So are the facts of the life of Freeman Woods. He was a highly respected and honorable man- much loved and missed by many. But to me, he was just Grandpa. I grew up in Phoenix and we saw our grandparents often. I was the youngest of three girls and with my older sisters, Kathy and Peggy, we had many adventures with our beloved Grandpa. He had a wonderful sense of humor, and was always laughing. My grandmother would flinch every time a bug would hit the windshield of the car, and he would say "I bet he never had the guts to do that again!" He would always take us to Dairy Queen for an ice cream cone or a Dilly Bar, usually about an hour before my grandmother put dinner on the table. He loved to travel, and liked to buy his cars directly from the factories. He and my grandmother went to Detroit and Europe on several occasions to find exactly the right car- which was usually one that he loved and she hated. When he came to Phoenix to visit us, he would take his little granddaughters, all dressed up, to City Hall or to Arizona State Capital to visit. We discovered that Paul Fannin kept Charms candy in his desk, and Barry Goldwater had jelly beans. And, they shared. We would walk through the halls of those government buildings and Grandpa was greeted by all. He seemed to know everyone. He took us to the Arizona State Fair, where he had a great interest in the cattle and 4-H exhibits. Best of all were my memories of him sitting in the living room, playing his violin. It had been handmade by an uncle, just for him. I loved the sweet music it made, and I am blessed to own and cherish that instrument today.

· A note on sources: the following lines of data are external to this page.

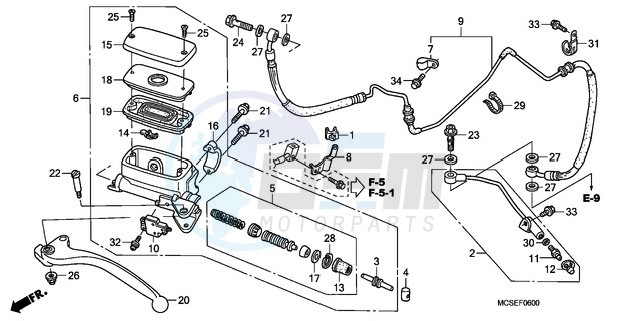 CLUTCH MASTER CYLINDER image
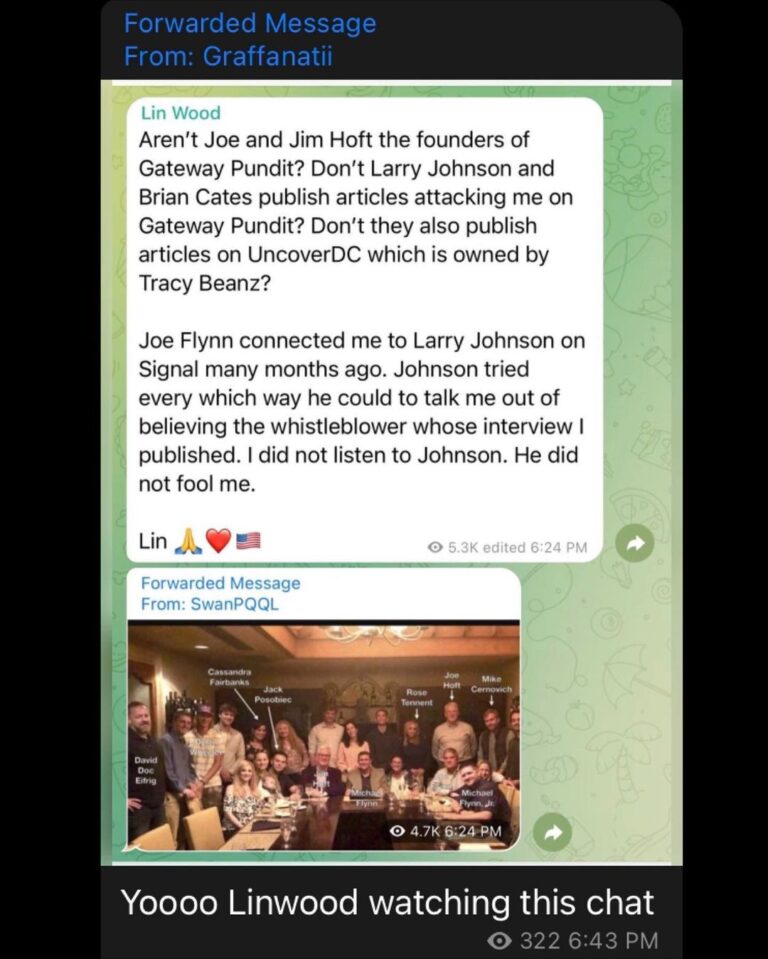 Read more about the article Aren’t Joe and Jim Hoft the founders of Gateway Pundit? Don’t Larry Johnson and Brian Cates publish articles attacking me on Gateway Pundit? Don’t they also publish articles on UncoverDC which is owned by Tracy Beanz?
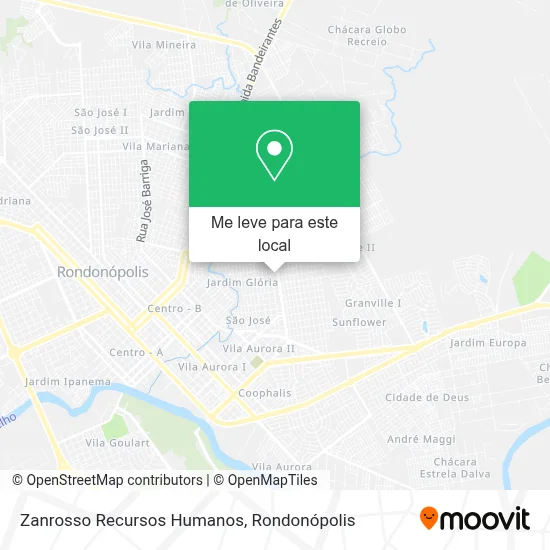 Zanrosso Recursos Humanos mapa
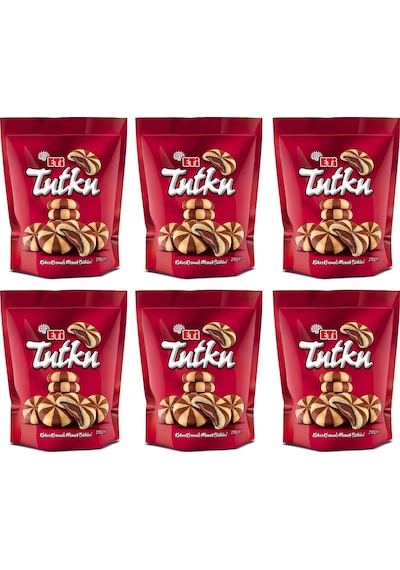 Eti Tutku Kakao Kremalı Mozaik Bisküvi 210 Gr X 6 Adet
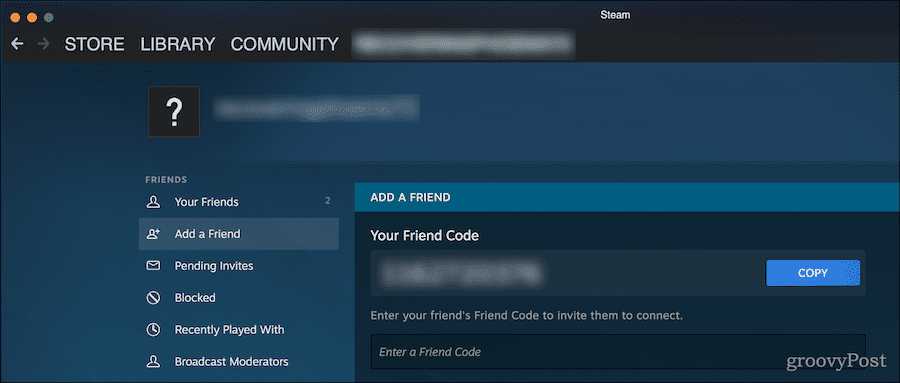 Vriendencode vinden op steam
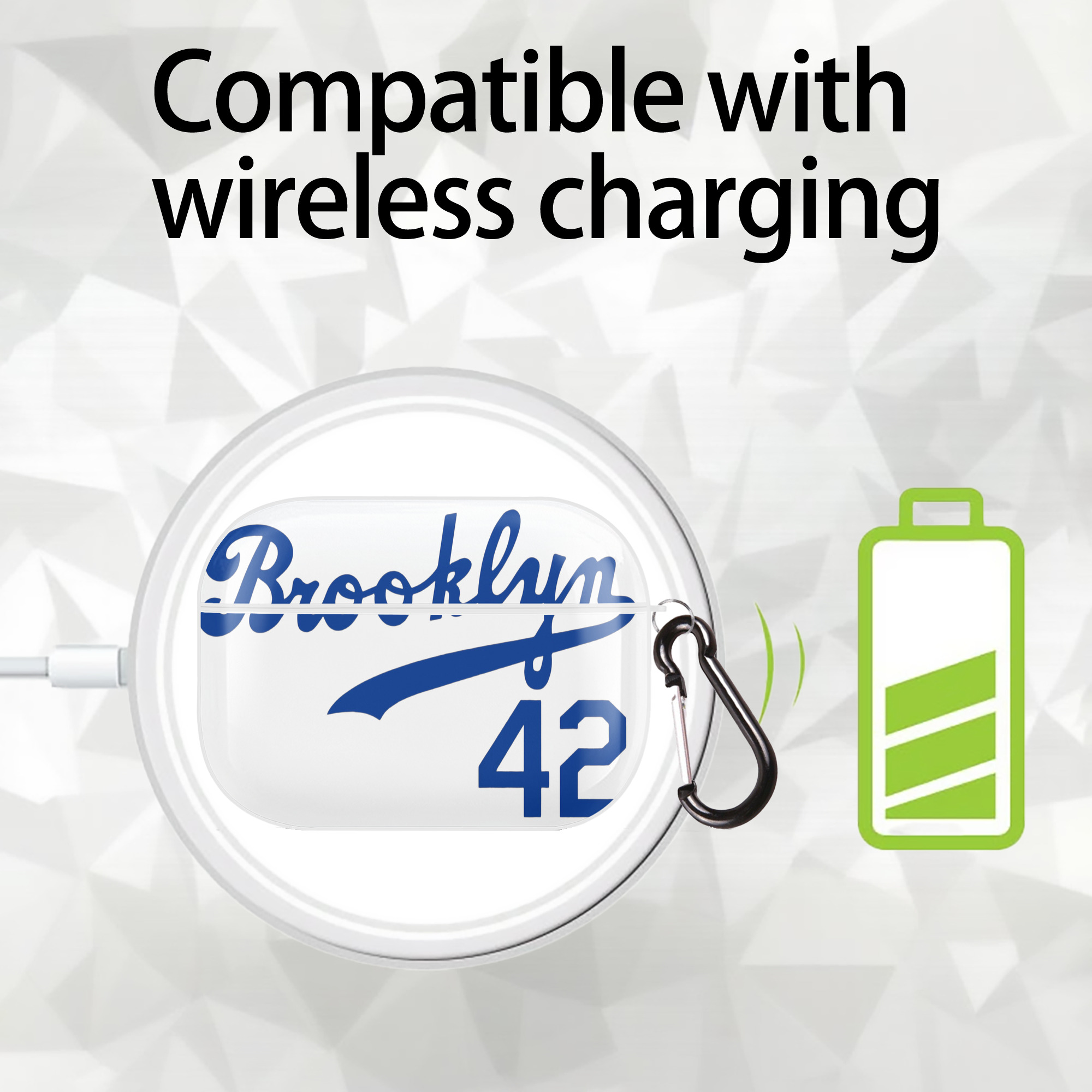  AirPods Pro Hard Case White With Keychain, Durable Flexible PC, Precise Cutouts, Anti-Fingerprint, Yellowing & Scratch Resistant, Full Protection, Washable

Libraries have always been important to our family. One of my earliest memories is of my mother reading to us. She, like her parents and siblings, loved to read. It was her desire to pass that love on to her daughters. We sat next to her almost every night as she read her way through "The Five Little Peppers", the Mrs. Piggle-Wiggle stories, the Laura Ingalls Wilder books and our favorites, the Oz books. As we got older, it was hard for my mother to get our noses out of our books in order to come to the dinner table. I have, in turn, passed that love on to my own daughter. I couldn't get her to the dinner table, either, and today, at 27, she still enjoys reading, and is in a weekly book club.
Libraries were the hangouts of our youth. Back in those days, each book had a pocket on the first inner page, with a white card in it. We would take our dog-eared library cards up to the librarian and present her with a stack of books. Each one opened with the title page facing her, smallest book on the bottom, biggest book on the top. The librarian would take each card out of the pocket and record it somehow with a mysterious looking machine. She than stacked the books, biggest on the bottom, smallest on the top, and slid them over the counter to us. We ran for the car with our special treasures, eager to start reading. Our books opened up new worlds to us and we still remember those hours we spent at the library.
Today, I have recreated that wondrous feeling in my own home. My husband and I have approximately 3,000 books and yes, we have read them all. How proud I am that my family has our name on such a fine institution as the Woods Memorial Branch Library. My grandfather's legacy of learning and reading will be carried on by the families that visit this building.
I would like to leave you with a poem that I remembered from my childhood. It was printed on the reading certificate my school gave out. It is by Emilie Poulsson and is as follows:
Books are keys to wisdom's treasure, Books are gates to lands of pleasure, Books are paths that upward lead, Books are friends; come, let us read.